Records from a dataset
^^^^^^^^^^^^^^^^

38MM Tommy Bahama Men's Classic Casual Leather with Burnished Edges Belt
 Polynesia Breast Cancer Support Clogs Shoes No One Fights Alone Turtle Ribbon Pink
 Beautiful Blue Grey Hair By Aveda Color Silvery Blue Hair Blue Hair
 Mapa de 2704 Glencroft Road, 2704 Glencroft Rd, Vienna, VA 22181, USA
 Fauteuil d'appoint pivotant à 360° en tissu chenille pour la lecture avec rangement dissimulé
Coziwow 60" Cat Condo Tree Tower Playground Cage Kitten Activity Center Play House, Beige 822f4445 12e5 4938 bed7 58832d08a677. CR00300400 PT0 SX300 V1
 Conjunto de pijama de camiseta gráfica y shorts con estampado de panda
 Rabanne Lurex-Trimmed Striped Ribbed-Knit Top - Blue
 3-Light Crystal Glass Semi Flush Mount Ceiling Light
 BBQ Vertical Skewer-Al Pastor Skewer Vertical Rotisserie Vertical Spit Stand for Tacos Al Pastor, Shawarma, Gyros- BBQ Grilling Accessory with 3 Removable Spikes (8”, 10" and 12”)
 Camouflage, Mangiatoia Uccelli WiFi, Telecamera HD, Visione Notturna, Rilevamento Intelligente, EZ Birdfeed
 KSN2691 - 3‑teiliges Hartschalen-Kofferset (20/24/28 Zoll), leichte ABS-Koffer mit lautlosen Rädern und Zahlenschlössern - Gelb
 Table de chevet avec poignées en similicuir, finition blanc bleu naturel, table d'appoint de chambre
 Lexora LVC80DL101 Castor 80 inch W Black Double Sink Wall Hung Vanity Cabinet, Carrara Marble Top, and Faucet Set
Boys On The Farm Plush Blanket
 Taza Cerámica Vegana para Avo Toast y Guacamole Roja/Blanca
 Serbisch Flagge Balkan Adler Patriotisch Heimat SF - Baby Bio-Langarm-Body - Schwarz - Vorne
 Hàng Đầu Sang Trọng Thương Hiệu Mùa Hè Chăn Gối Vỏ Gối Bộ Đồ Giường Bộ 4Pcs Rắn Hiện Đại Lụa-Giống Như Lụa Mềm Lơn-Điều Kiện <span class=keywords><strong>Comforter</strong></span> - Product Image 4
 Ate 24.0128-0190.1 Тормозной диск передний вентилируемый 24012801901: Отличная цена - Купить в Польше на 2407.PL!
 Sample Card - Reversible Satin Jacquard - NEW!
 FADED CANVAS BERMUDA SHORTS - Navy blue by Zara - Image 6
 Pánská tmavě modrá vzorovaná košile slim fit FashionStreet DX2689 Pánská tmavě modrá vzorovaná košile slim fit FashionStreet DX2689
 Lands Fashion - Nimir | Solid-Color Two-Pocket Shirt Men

^^^^^^^^^^^^^^^^

The records above must be written out again exactly.

Solution to this exercise:
38MM Tommy Bahama Men's Classic Casual Leather with Burnished Edges Belt
 Polynesia Breast Cancer Support Clogs Shoes No One Fights Alone Turtle Ribbon Pink
 Beautiful Blue Grey Hair By Aveda Color Silvery Blue Hair Blue Hair
 Mapa de 2704 Glencroft Road, 2704 Glencroft Rd, Vienna, VA 22181, USA
 Fauteuil d'appoint pivotant à 360° en tissu chenille pour la lecture avec rangement dissimulé
Coziwow 60" Cat Condo Tree Tower Playground Cage Kitten Activity Center Play House, Beige 822f4445 12e5 4938 bed7 58832d08a677. CR00300400 PT0 SX300 V1
 Conjunto de pijama de camiseta gráfica y shorts con estampado de panda
 Rabanne Lurex-Trimmed Striped Ribbed-Knit Top - Blue
 3-Light Crystal Glass Semi Flush Mount Ceiling Light
 BBQ Vertical Skewer-Al Pastor Skewer Vertical Rotisserie Vertical Spit Stand for Tacos Al Pastor, Shawarma, Gyros- BBQ Grilling Accessory with 3 Removable Spikes (8”, 10" and 12”)
 Camouflage, Mangiatoia Uccelli WiFi, Telecamera HD, Visione Notturna, Rilevamento Intelligente, EZ Birdfeed
 KSN2691 - 3‑teiliges Hartschalen-Kofferset (20/24/28 Zoll), leichte ABS-Koffer mit lautlosen Rädern und Zahlenschlössern - Gelb
 Table de chevet avec poignées en similicuir, finition blanc bleu naturel, table d'appoint de chambre
 Lexora LVC80DL101 Castor 80 inch W Black Double Sink Wall Hung Vanity Cabinet, Carrara Marble Top, and Faucet Set
Boys On The Farm Plush Blanket
 Taza Cerámica Vegana para Avo Toast y Guacamole Roja/Blanca
 Serbisch Flagge Balkan Adler Patriotisch Heimat SF - Baby Bio-Langarm-Body - Schwarz - Vorne
 Hàng Đầu Sang Trọng Thương Hiệu Mùa Hè Chăn Gối Vỏ Gối Bộ Đồ Giường Bộ 4Pcs Rắn Hiện Đại Lụa-Giống Như Lụa Mềm Lơn-Điều Kiện <span class=keywords><strong>Comforter</strong></span> - Product Image 4
 Ate 24.0128-0190.1 Тормозной диск передний вентилируемый 24012801901: Отличная цена - Купить в Польше на 2407.PL!
 Sample Card - Reversible Satin Jacquard - NEW!
 FADED CANVAS BERMUDA SHORTS - Navy blue by Zara - Image 6
 Pánská tmavě modrá vzorovaná košile slim fit FashionStreet DX2689 Pánská tmavě modrá vzorovaná košile slim fit FashionStreet DX2689
 Lands Fashion - Nimir | Solid-Color Two-Pocket Shirt Men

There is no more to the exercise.